Science is supposed to allow repeatability.  Without the same versions
of packages, repeating experiments is harder.  This is a big problem
in science that multiple versions of packages in _isolation_ can help
get to a solution to the repeatability problem.

Just pick some random paper and try to reproduce their results.  It's
generally very hard, unless the software is quite well packaged.
Especially for graphics related papers, there are often many different
types of environments, so setting up the environments to try out their
techniques, and verify results quickly is difficult.

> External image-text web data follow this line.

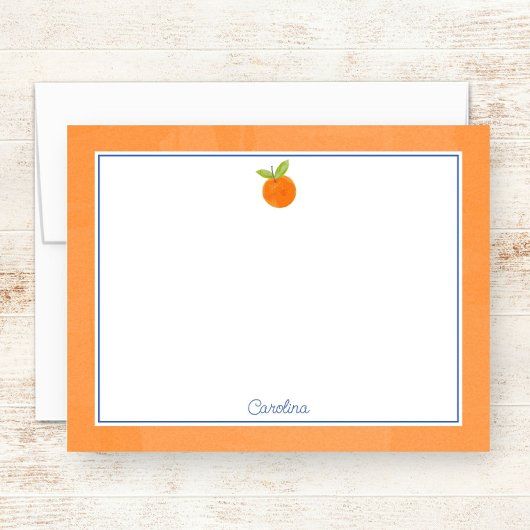 Correspondance Carte pré-imprimée de fruit d'agrumes & de note bl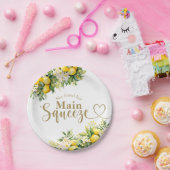 ミニマルモダンリストメインスクイーズブライダルシャワー ペーパープレート (パーティー)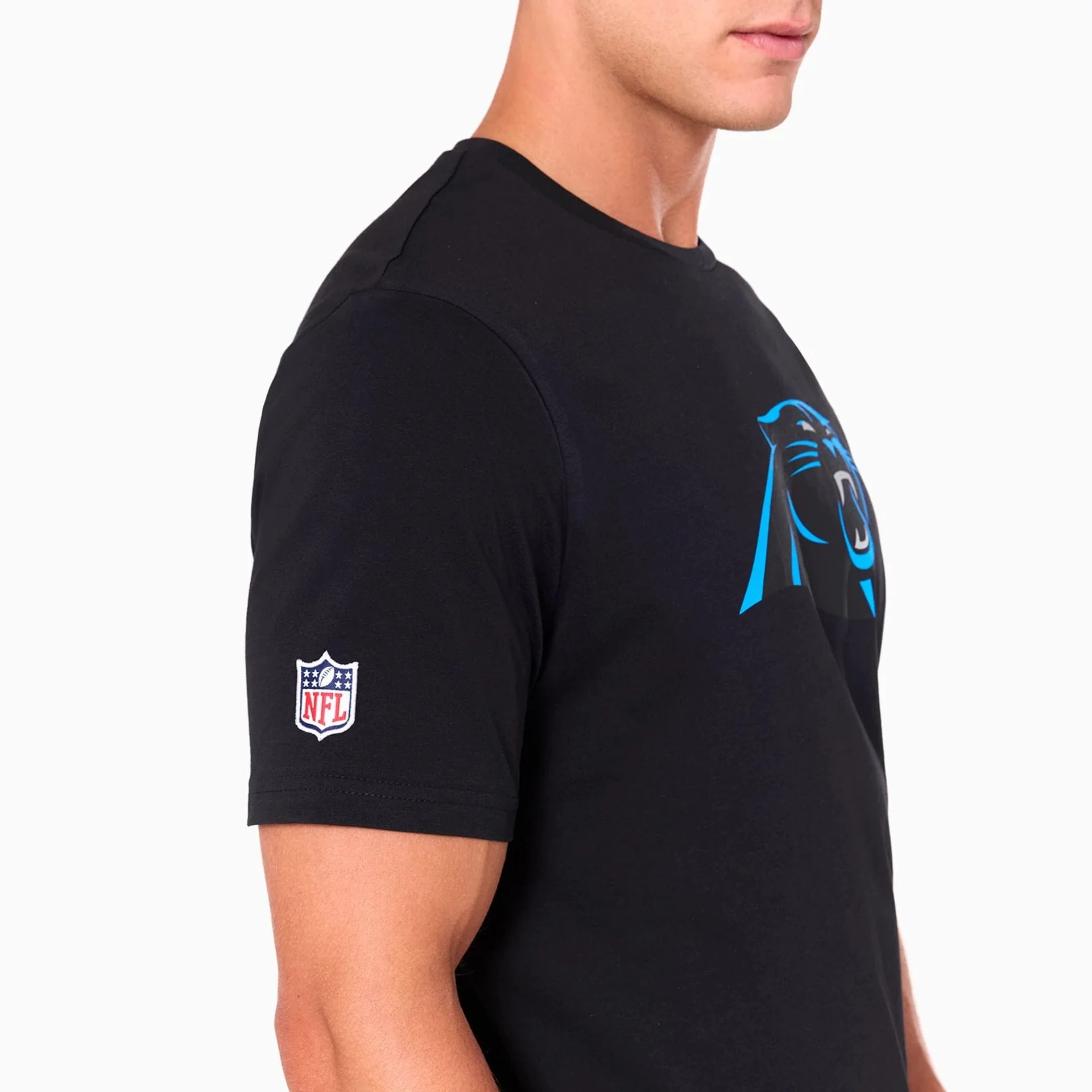 Carolina Panthers NFL Black T-Shirt - Image 3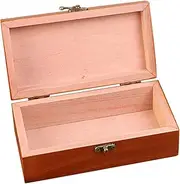 BATHVEVE Vintage Wooden Jewelry Box Retro Storage Case for Keepsakes Earring Organizer with Clamshell Design for and Home Decor and Lightweight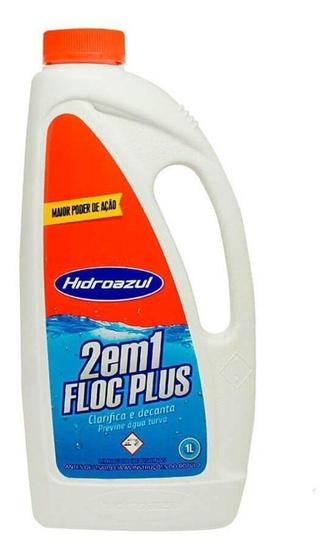 Imagem de Clarificante Floc Plus 2 Em 1 Hidroazul 1 Lt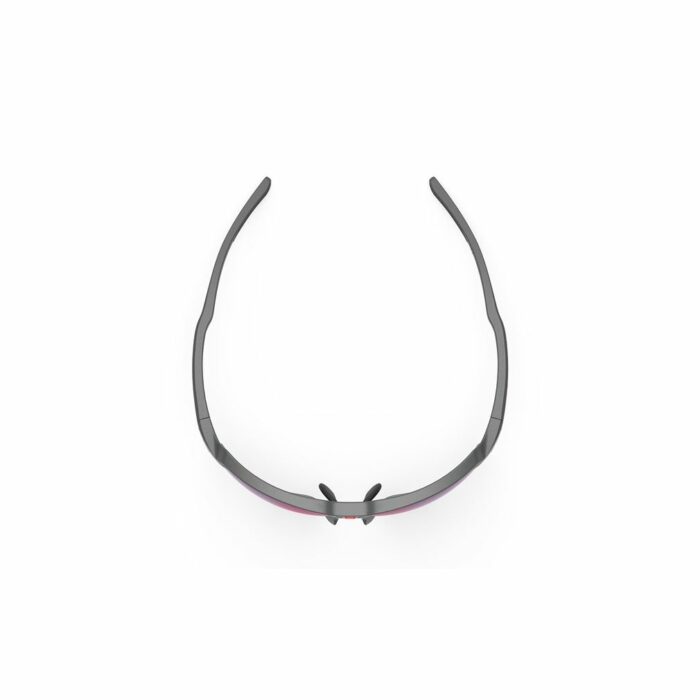 Rudy Project Deltabeat Charcoal Matte Multilaser Red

Multiple versions are not a replacement for backwards compatibility,
just a way to avoid the problem in the short term to avoid being
blocked.  If a new package version breaks your app, then you can
either pin it to an old version, fix your app, or fix the package.  It
is also not a replacement for building on stable high quality
components, but helps you work with less stable, and less high quality
components - at a much faster rate of change, with a much larger
dependency list.


>> Plenty of good work is going on with python packaging.
>
> That's the opposite of my experience. What I care about is:
>  - tools which are hackable and easily extensible
>  - robust install/uninstall
>  - real, DAG-based build system
>  - explicit and repeatability
>
> None of this is supported by the tools, and the current directions go
> even further away. When I have to explain at length why the
> command-based design of distutils is a nightmare to work with, I don't
> feel very confident that the current maintainers are aware of the
> issues, for example. It shows that they never had to extend distutils
> much.
>

All agreed!  I'd add to the list parallel builds/tests (make -j 16),
and outputting to native build systems.  eg, xcode, msvc projects, and
makefiles.

It would interesting to know your thoughts on buildout recipes ( see
creating recipes http://www.buildout.org/docs/recipe.html ).  They
seem to work better from my perspective.  However, that is probably
because of isolation.  The recipe are only used by those projects that
require them.  So the chance of them interacting are lower, as they
are not installed in the main python.

How will you handle toydist extensions so that multiple extensions do
not have problems with each other?  I don't think this is possible
without isolation, and even then it's still a problem.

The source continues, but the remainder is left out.